======== DATA RECORDS
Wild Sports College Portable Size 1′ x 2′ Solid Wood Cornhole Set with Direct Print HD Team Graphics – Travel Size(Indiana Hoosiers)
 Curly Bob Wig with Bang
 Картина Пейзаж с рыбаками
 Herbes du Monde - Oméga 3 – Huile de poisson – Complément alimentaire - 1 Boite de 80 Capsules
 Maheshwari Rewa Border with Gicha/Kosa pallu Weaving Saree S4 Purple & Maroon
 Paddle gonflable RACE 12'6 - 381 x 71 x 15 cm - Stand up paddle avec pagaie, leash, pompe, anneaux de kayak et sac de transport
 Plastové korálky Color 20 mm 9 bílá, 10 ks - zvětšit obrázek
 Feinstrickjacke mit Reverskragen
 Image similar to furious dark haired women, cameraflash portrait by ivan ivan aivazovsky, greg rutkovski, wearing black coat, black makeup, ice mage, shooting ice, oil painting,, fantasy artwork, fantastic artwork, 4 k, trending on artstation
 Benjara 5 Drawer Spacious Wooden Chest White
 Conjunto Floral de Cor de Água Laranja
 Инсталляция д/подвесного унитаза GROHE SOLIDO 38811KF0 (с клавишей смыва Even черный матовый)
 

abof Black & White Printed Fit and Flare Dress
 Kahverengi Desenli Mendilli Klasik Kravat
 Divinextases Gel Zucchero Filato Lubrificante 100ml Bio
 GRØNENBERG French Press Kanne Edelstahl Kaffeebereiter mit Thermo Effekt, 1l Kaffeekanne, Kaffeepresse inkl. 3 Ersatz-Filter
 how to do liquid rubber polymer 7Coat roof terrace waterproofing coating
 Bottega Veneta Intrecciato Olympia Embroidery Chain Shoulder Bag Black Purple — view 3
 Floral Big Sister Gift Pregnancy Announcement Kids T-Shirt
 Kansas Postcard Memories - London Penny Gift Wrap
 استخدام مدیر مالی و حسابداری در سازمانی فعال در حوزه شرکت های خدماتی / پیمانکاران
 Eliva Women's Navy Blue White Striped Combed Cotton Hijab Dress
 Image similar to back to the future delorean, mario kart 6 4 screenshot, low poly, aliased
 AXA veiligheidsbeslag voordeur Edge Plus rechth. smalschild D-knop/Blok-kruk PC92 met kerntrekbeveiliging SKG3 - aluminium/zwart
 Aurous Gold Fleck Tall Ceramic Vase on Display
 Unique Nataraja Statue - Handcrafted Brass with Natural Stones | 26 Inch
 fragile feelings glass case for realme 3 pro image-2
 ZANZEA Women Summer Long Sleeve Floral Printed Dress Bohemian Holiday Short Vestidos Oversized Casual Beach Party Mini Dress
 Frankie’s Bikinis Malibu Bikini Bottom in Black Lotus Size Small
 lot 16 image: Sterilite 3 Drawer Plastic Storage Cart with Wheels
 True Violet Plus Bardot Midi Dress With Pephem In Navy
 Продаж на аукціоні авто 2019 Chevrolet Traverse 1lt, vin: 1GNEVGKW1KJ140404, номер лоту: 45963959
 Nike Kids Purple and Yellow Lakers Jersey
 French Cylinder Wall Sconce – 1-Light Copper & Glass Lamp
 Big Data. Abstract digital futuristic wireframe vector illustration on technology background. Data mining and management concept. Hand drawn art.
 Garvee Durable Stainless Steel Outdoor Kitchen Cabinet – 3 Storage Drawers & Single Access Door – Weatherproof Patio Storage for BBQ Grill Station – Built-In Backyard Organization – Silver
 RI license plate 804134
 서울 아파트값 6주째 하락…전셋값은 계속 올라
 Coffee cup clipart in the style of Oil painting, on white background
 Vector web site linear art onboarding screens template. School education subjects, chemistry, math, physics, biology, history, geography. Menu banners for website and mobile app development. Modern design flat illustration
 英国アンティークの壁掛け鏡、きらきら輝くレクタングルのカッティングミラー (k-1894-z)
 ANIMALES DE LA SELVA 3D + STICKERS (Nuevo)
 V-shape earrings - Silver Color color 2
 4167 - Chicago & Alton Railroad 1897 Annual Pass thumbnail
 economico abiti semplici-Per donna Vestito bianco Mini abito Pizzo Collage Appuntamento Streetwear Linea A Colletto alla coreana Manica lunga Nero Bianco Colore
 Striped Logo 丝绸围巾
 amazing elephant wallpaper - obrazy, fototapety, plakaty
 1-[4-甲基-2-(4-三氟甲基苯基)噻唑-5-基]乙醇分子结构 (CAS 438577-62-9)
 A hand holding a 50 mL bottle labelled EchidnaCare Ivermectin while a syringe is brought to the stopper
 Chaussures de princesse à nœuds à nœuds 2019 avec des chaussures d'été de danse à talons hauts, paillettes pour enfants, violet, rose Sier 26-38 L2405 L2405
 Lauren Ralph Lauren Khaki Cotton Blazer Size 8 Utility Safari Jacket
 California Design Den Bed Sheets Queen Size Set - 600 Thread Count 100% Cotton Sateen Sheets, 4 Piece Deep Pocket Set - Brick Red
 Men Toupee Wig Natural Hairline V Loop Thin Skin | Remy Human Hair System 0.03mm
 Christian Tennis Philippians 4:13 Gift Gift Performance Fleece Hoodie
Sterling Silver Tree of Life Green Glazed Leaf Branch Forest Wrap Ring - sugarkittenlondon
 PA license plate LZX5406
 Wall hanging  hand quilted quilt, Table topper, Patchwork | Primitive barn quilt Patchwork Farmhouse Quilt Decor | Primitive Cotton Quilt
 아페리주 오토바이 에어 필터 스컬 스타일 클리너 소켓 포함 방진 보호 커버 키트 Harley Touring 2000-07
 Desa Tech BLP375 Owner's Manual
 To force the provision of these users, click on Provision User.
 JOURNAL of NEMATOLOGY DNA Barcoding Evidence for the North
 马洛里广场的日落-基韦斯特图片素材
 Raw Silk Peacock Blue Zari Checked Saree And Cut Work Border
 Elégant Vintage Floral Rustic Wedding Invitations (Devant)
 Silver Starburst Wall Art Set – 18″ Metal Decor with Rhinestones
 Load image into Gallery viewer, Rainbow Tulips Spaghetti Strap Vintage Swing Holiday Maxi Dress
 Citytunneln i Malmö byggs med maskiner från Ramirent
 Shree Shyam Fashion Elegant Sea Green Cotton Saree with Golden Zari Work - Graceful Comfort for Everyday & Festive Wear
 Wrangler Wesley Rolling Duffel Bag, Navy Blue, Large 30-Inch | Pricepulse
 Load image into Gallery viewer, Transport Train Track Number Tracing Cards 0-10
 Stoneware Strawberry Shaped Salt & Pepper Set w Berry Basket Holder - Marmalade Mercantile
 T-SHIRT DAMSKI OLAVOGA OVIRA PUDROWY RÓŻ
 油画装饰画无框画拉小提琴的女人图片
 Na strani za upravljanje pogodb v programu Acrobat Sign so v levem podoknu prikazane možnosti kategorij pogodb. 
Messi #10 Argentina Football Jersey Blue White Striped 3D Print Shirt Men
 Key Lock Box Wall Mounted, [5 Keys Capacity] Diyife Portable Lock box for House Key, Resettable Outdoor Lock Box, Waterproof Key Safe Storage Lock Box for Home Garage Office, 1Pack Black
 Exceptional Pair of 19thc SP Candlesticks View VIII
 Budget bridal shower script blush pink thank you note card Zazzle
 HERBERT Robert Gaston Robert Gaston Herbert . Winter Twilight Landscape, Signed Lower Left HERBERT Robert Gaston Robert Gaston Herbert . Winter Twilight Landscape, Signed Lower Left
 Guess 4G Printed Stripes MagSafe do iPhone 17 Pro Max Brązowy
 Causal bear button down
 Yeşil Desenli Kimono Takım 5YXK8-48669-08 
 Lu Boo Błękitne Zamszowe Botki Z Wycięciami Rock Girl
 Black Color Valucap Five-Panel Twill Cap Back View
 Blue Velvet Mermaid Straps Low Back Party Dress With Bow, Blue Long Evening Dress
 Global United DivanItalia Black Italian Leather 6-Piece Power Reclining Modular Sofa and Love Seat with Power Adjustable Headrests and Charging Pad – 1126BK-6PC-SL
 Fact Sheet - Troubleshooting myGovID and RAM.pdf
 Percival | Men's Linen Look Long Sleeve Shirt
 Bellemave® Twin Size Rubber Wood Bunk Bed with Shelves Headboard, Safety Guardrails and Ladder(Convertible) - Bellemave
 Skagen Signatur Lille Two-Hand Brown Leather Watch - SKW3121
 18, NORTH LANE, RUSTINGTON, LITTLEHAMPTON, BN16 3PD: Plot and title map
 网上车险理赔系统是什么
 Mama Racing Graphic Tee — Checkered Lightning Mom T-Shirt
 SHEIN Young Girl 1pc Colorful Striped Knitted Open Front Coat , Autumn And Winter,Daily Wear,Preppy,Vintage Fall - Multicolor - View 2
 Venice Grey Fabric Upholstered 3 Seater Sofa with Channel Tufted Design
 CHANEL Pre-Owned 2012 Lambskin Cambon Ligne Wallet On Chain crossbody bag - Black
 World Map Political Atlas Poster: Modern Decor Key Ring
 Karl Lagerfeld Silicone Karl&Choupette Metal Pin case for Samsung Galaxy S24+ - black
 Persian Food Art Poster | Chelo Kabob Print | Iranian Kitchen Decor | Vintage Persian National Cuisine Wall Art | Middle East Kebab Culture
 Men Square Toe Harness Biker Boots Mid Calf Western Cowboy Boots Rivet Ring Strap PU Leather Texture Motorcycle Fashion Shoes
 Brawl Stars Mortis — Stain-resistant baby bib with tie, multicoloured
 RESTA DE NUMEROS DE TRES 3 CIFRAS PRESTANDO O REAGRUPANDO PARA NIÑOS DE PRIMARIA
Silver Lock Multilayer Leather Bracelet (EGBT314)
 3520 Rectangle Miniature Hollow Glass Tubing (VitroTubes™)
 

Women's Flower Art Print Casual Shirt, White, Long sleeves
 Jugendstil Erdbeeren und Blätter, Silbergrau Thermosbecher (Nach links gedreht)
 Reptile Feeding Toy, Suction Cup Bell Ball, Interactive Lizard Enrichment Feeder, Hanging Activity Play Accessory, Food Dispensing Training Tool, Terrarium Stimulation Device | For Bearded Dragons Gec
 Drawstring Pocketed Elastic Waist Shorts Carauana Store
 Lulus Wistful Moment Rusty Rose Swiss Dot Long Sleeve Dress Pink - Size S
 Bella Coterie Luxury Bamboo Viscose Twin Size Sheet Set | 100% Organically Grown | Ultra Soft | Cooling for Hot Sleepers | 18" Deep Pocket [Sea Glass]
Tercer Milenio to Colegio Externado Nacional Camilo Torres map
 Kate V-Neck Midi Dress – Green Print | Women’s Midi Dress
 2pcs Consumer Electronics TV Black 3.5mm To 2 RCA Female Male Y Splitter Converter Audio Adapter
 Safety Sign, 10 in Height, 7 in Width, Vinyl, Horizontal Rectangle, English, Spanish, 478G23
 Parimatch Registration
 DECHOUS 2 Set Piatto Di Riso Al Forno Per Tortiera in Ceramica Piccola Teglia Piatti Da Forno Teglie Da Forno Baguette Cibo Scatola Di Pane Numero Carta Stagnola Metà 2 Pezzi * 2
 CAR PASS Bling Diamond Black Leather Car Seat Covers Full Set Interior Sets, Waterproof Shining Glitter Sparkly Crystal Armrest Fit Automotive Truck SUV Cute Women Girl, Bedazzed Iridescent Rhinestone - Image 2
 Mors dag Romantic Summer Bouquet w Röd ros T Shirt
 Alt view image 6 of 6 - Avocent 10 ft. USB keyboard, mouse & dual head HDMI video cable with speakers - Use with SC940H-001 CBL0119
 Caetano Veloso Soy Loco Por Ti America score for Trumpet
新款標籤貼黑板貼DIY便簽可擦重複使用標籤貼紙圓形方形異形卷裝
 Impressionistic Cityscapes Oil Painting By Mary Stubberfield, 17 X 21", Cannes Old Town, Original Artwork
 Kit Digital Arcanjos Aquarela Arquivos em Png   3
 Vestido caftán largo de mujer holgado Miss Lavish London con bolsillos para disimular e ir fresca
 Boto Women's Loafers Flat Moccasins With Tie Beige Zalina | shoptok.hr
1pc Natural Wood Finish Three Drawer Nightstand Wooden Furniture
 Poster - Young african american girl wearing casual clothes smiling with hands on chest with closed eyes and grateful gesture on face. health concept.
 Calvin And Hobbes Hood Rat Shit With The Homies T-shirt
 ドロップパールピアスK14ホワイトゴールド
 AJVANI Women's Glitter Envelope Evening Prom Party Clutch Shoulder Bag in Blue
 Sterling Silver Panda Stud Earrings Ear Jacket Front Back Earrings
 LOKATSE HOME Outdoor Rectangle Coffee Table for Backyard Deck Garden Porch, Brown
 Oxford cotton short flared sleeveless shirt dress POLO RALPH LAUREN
================
_INSTRUCTIONS FOR THE TASK_: Each line holding the word "Jacket" must be copied from the data.

_RESPONSE BOX_:
 Lauren Ralph Lauren Khaki Cotton Blazer Size 8 Utility Safari Jacket
 Sterling Silver Panda Stud Earrings Ear Jacket Front Back Earrings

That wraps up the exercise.